§ **WHAT IS NEEDED**: The answer is a stretch of the material below, returned exactly: the line containing "Funny pillow features", the line containing "Waxed Canvas Watch Roll", and all lines between.

Segment Start: GIVEN ENTRIES

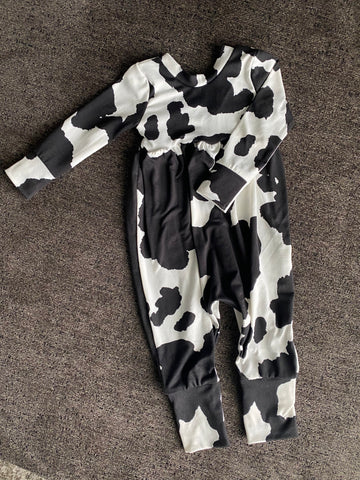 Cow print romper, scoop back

Segment End: GIVEN ENTRIES
Segment Start: GIVEN ENTRIES

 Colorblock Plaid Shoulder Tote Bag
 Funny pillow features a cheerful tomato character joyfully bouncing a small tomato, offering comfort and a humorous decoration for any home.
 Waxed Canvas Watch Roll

Segment End: GIVEN ENTRIES
Segment Start: GIVEN ENTRIES

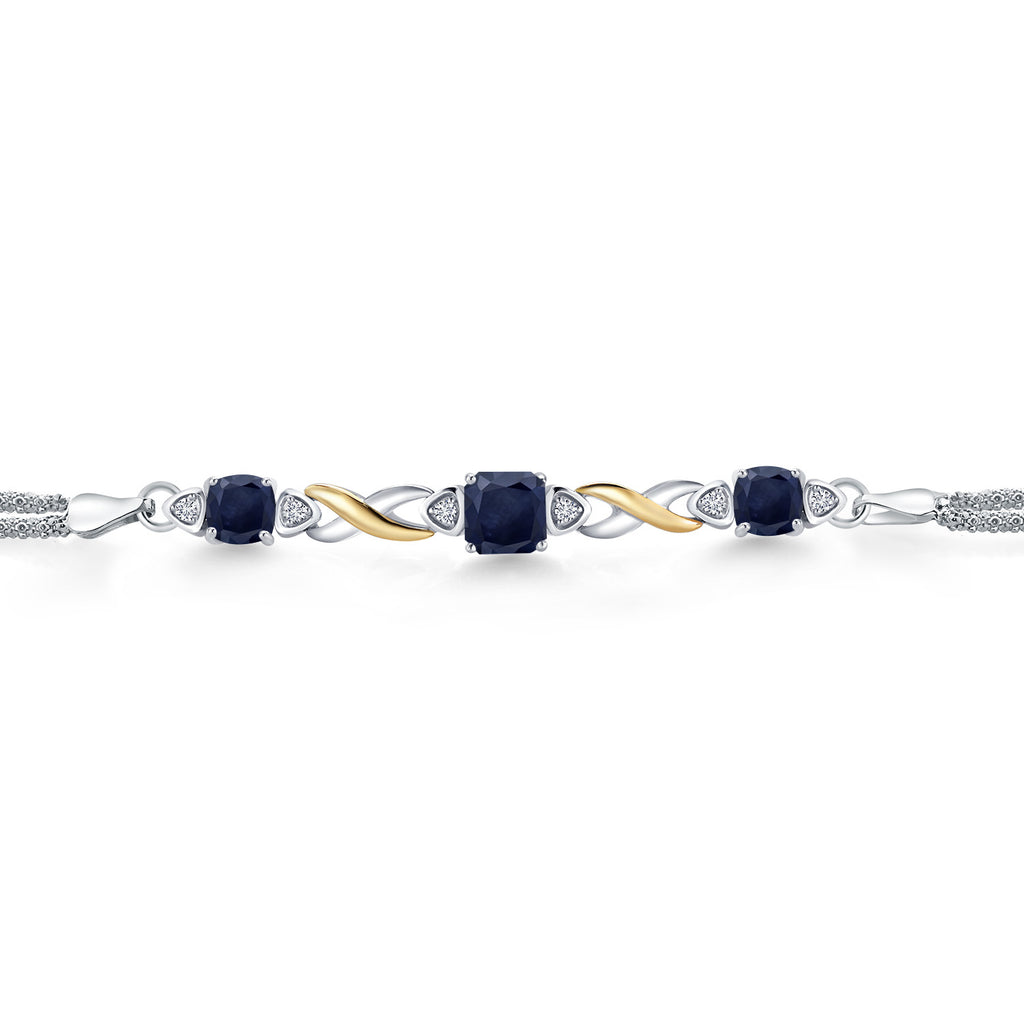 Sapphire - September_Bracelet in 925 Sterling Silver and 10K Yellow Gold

Segment End: GIVEN ENTRIES

§ **SOLUTION TO THE PROBLEM**:
 Funny pillow features a cheerful tomato character joyfully bouncing a small tomato, offering comfort and a humorous decoration for any home.
 Waxed Canvas Watch Roll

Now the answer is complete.